EXERCISE DATA:

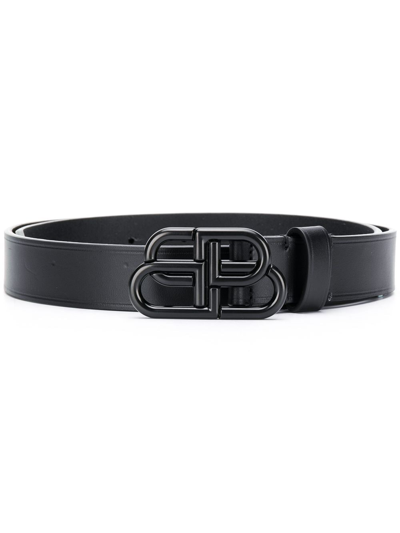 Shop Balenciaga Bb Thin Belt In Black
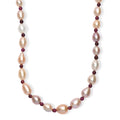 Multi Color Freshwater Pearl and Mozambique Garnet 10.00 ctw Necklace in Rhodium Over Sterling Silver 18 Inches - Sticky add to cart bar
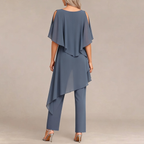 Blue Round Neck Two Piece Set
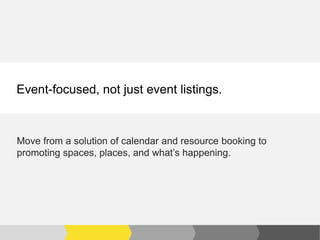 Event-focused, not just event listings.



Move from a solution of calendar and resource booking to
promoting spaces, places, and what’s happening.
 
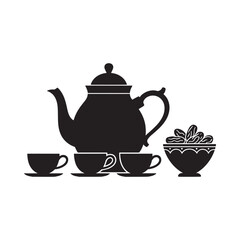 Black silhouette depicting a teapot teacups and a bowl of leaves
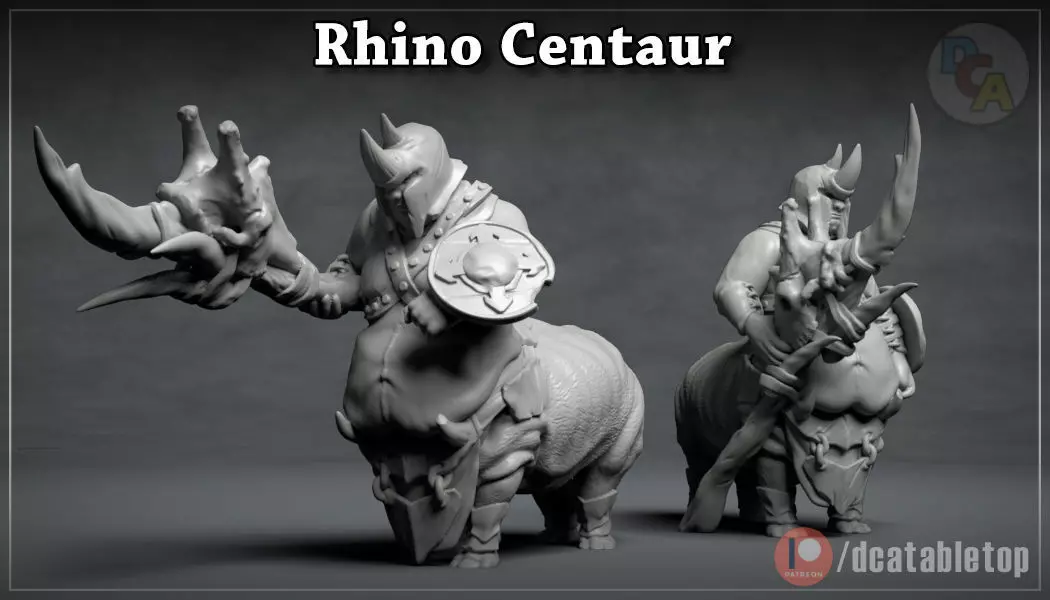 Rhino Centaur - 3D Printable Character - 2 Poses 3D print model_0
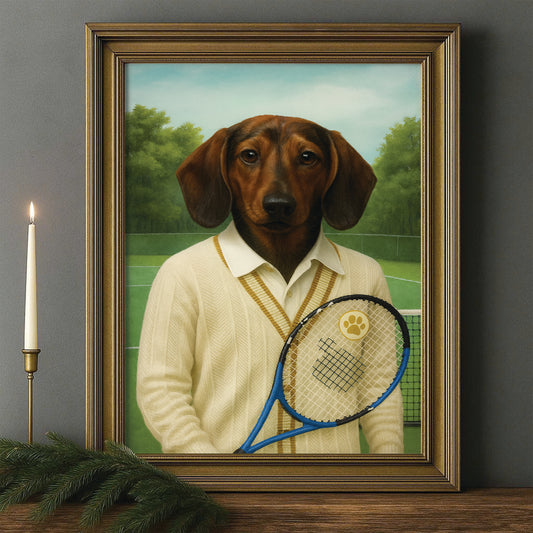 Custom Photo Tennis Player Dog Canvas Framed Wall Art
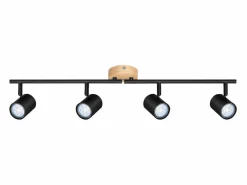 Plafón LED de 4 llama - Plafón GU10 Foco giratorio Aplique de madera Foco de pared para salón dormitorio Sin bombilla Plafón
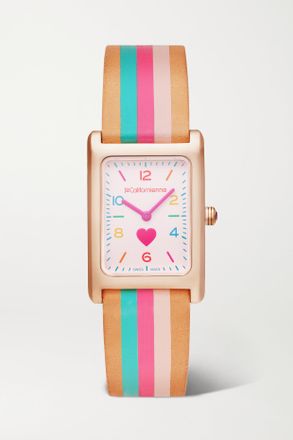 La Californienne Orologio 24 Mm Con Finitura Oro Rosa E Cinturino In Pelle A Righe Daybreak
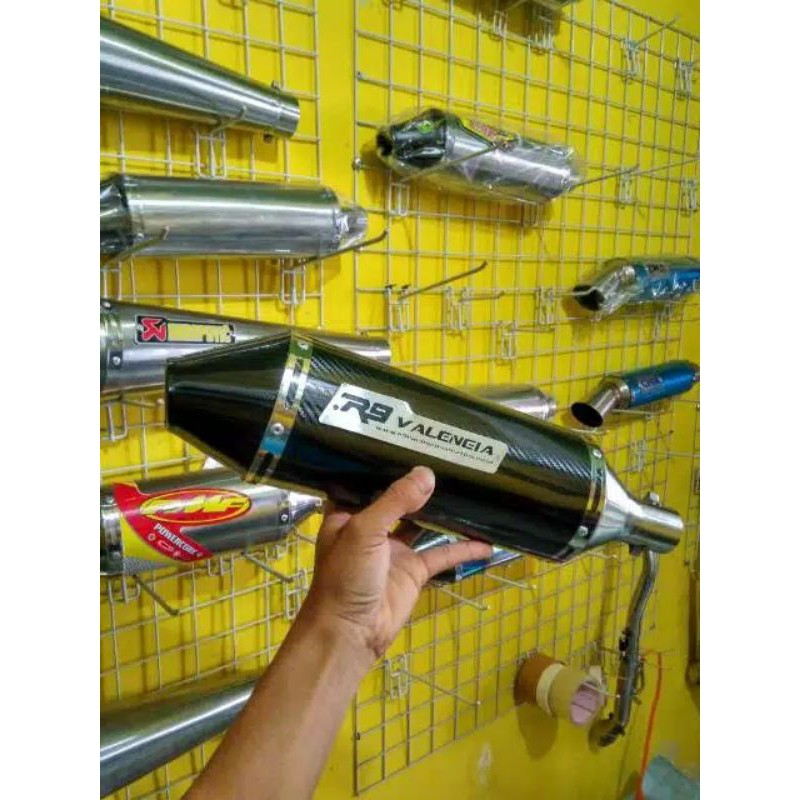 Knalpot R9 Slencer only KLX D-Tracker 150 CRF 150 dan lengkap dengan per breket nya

ACTIVITY: From the first line of the listing above, repeat every line through the one holding "La Californienne Orologio". Both ends count, and pictures stay out.

SOLUTION FOR THIS PROBLEM:
 Shop Balenciaga Bb Thin Belt In Black
 Multi Color Freshwater Pearl and Mozambique Garnet 10.00 ctw Necklace in Rhodium Over Sterling Silver 18 Inches - Sticky add to cart bar
 Blue Round Neck Two Piece Set
 Event-focused, not just event listings.



Move from a solution of calendar and resource booking to
promoting spaces, places, and what’s happening.
 
 Black silhouette depicting a teapot teacups and a bowl of leaves
 Rhino Centaur - 3D Printable Character - 2 Poses 3D print model_0
 Custom Photo Tennis Player Dog Canvas Framed Wall Art
 Plafón LED de 4 llama - Plafón GU10 Foco giratorio Aplique de madera Foco de pared para salón dormitorio Sin bombilla Plafón
 La Californienne Orologio 24 Mm Con Finitura Oro Rosa E Cinturino In Pelle A Righe Daybreak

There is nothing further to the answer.